## DATA
####################

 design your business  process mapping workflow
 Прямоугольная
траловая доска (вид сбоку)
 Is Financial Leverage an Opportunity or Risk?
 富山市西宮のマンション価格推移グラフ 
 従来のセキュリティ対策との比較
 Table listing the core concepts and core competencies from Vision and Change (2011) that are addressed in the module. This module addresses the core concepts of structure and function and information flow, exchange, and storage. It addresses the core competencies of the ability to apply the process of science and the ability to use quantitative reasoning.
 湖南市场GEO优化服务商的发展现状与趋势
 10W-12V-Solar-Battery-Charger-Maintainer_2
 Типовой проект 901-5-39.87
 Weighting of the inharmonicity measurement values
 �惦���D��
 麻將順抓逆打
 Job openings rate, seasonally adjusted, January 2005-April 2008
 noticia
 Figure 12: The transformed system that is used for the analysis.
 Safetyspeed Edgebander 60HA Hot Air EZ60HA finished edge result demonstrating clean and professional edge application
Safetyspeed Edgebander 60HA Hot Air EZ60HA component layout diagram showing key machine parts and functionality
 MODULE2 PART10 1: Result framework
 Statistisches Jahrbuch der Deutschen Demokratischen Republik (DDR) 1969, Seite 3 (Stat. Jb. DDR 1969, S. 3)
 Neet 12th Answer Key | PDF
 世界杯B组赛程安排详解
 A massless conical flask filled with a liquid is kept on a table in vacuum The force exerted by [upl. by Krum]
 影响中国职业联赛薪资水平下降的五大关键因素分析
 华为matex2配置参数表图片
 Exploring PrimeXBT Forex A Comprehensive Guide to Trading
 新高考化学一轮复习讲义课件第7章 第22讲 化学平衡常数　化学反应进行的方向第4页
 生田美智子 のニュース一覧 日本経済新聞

####################

## WHAT THE TASK ASKS
Nothing should be left out when the listing is retyped exactly.

## EXERCISE OUTPUT
 design your business  process mapping workflow
 Прямоугольная
траловая доска (вид сбоку)
 Is Financial Leverage an Opportunity or Risk?
 富山市西宮のマンション価格推移グラフ 
 従来のセキュリティ対策との比較
 Table listing the core concepts and core competencies from Vision and Change (2011) that are addressed in the module. This module addresses the core concepts of structure and function and information flow, exchange, and storage. It addresses the core competencies of the ability to apply the process of science and the ability to use quantitative reasoning.
 湖南市场GEO优化服务商的发展现状与趋势
 10W-12V-Solar-Battery-Charger-Maintainer_2
 Типовой проект 901-5-39.87
 Weighting of the inharmonicity measurement values
 �惦���D��
 麻將順抓逆打
 Job openings rate, seasonally adjusted, January 2005-April 2008
 noticia
 Figure 12: The transformed system that is used for the analysis.
 Safetyspeed Edgebander 60HA Hot Air EZ60HA finished edge result demonstrating clean and professional edge application
Safetyspeed Edgebander 60HA Hot Air EZ60HA component layout diagram showing key machine parts and functionality
 MODULE2 PART10 1: Result framework
 Statistisches Jahrbuch der Deutschen Demokratischen Republik (DDR) 1969, Seite 3 (Stat. Jb. DDR 1969, S. 3)
 Neet 12th Answer Key | PDF
 世界杯B组赛程安排详解
 A massless conical flask filled with a liquid is kept on a table in vacuum The force exerted by [upl. by Krum]
 影响中国职业联赛薪资水平下降的五大关键因素分析
 华为matex2配置参数表图片
 Exploring PrimeXBT Forex A Comprehensive Guide to Trading
 新高考化学一轮复习讲义课件第7章 第22讲 化学平衡常数　化学反应进行的方向第4页
 生田美智子 のニュース一覧 日本経済新聞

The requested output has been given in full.